# The set of all infinite binary sequences

Let's assume that there exists the set $$S$$ of all possible infinite binary sequences $$s_i$$:

$$S=\{s_1,s_2,\ldots s_i \ldots\}$$

The sequences $$s_i$$ are such as $$\{1,1,1,1,\ldots\}$$, $$\{0,0,0,0,\ldots\}$$, $$\{0,1,0,1,\ldots\}$$ etc.

Following the Cantor's diagonal argument we can construct a sequence $$s_0$$ that is not in the set $$S$$. So there is a contradiction because we had assumed that the set $$S$$ contains ALL such infinite sequences of $$1$$'s or $$0$$'s. If we add the $$s_0$$ to $$S$$, then we can again construct another $$s_0'$$ that will not be in the set $$S$$, and so on.

Where's the problem with my reasoning? How do we define/construct the set that contains all such sequences?

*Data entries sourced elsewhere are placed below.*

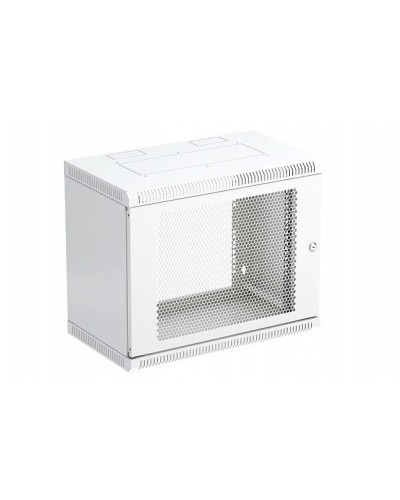 ШТ-НСр-9U-600-350-П (130411-00556). Шкаф настенный разборный 19, 9U. ССД (Связьстройдеталь) в Реутове
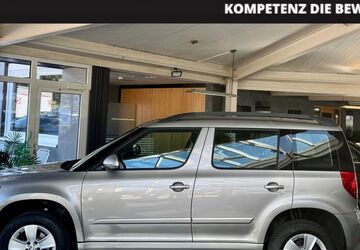 Skoda Yeti 165.500 km 13.490 &euro; Bopfingen 73441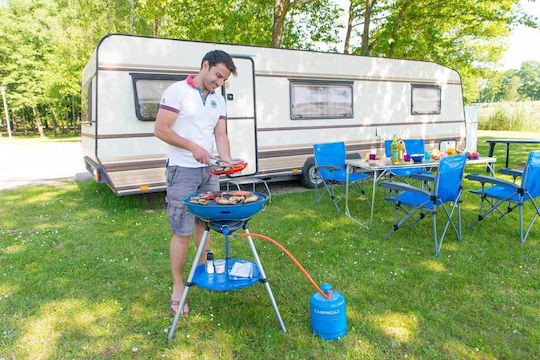 Campingaz Party Grill 600R Portable Gas Grill with 1 pcs 4kW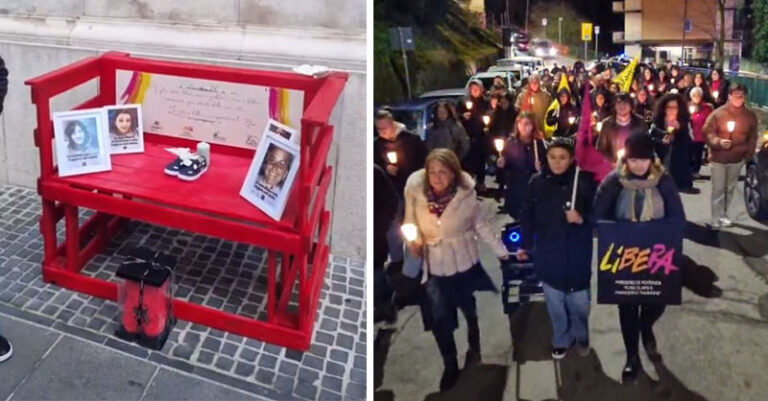 panchina rossa potenza fb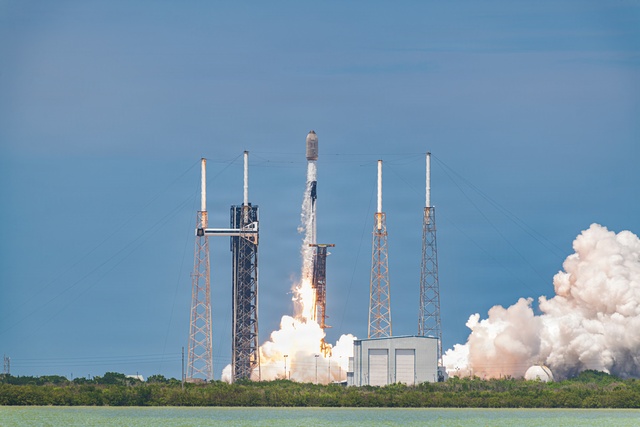 Falcon 9 | Starlink 10-38 Launch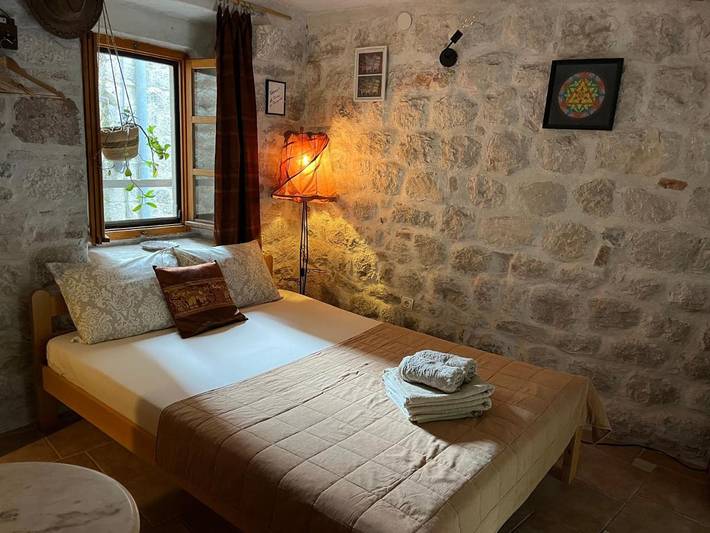 Maison d’hôte pour 2 personnes, avec jardin à Kotor - 4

You were supposed to be assuming, for the sake of contradiction, that $S$ was countably infinite; Cantor's diagonal argument tells you how to construct, for any countably infinite collection of binary sequences, a binary sequence not in that collection. Thus, the set $S$ of all binary sequences (which is a perfectly well-defined object) is uncountable.
The fact that it uses is that you have a map from $\Bbb N\to A$ (the collection of all sequences(sets)), so it assumes that collection to be countable. But, since this argument contradicts the completeness of the collection , therefore, it implies that you can't have any map from $\Bbb N\to A$ and thus, $A$ is uncountable.
You can define $A$ or $S$ as $$\{(s_1,s_2,s_3,\cdots): s_i\in\{0,1\} \forall i\in \Bbb N\}$$
Let $$S$$ denote the set of inﬁnite binary sequences. Here is Cantor’s famous proof that $$S$$ is an uncountable set. Suppose that $$f : S → \mathbb{N}$$ is a bijection. We form a new binary sequence $$A$$ by declaring that the n'th digit of $$A$$ is the opposite of the n'th digit of $$f^{−1} (n)$$. The idea here is that $$f ^{−1} (n)$$ is some binary sequence and we can look at its n'th digit and reverse it. Supposedly, there is some N such that $$f(A) = N$$. But then the $$N$$'th digit of $$A = f ^{−1} (N)$$ is the opposite of the $$N$$'th digit of $$A$$, and this is a contradiction.